# try of iwagumi (not finished)



## hedson_25 (Sep 20, 2005)

this is my 60cm first atempt to do an iwagumi
plants:
eleocharis acicularis
riccia fluitans
glosostigama elatinoides
echinodorus tenellus
java moss
eleocharis parvula and i need so much eleocharis vivipara in the back ground 
wich is on it's way and i hope i will get it done in soon.
fish.
flying fox and cardinal tetra the other fishes will be gone soon.


----------



## hooha (Apr 21, 2005)

nice setup, good growth.

If you'd like some suggestions:

The plants have very similar looks (Eleocharis species, Echinodorus, even the riccia from the pic looks "grassy"). I would consider a plant with a different texture somewhere in there....

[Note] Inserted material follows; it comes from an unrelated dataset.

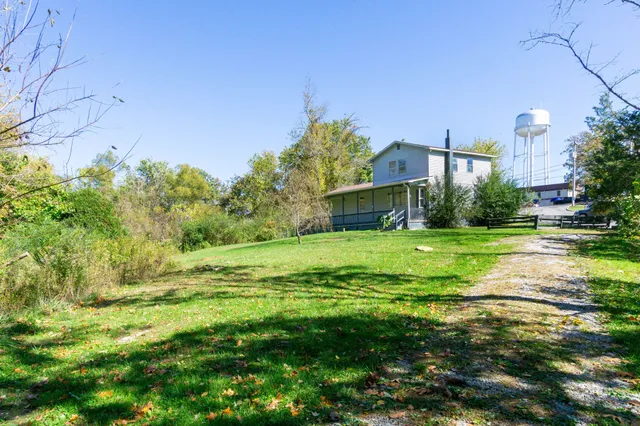 a view of a bench in a yard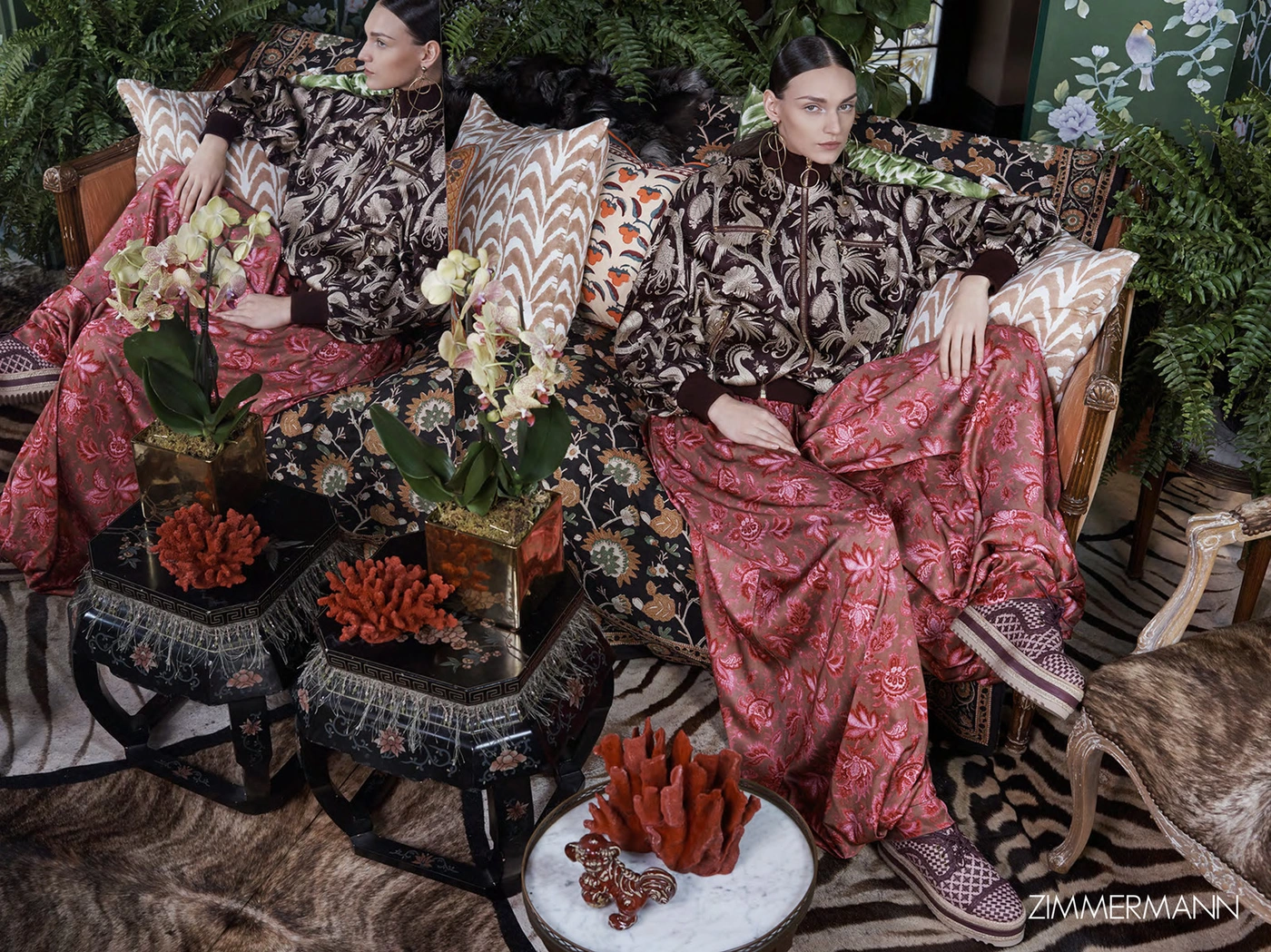 Woman in patterned brown jacket and floral skirt seated on an ornate sofa with orchids and coral decor styled by Michelle Jank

Consider putting your rocks closer to focal points (i.e. more towards the middle but offcenter). That will enhance their effect.

Keep us posted


----------



## Knotty Bitz (Mar 11, 2009)

Try some kind of stem plants


----------



## Pinto (Mar 22, 2008)

Wow that patch of bright light on that glosso really made my eyes squint.
Nice setup.
There are about little or none stem plant in iwagumi Bitz.


----------



## Knotty Bitz (Mar 11, 2009)

Oh my bad, maybe like some anubius or something would be cool.


----------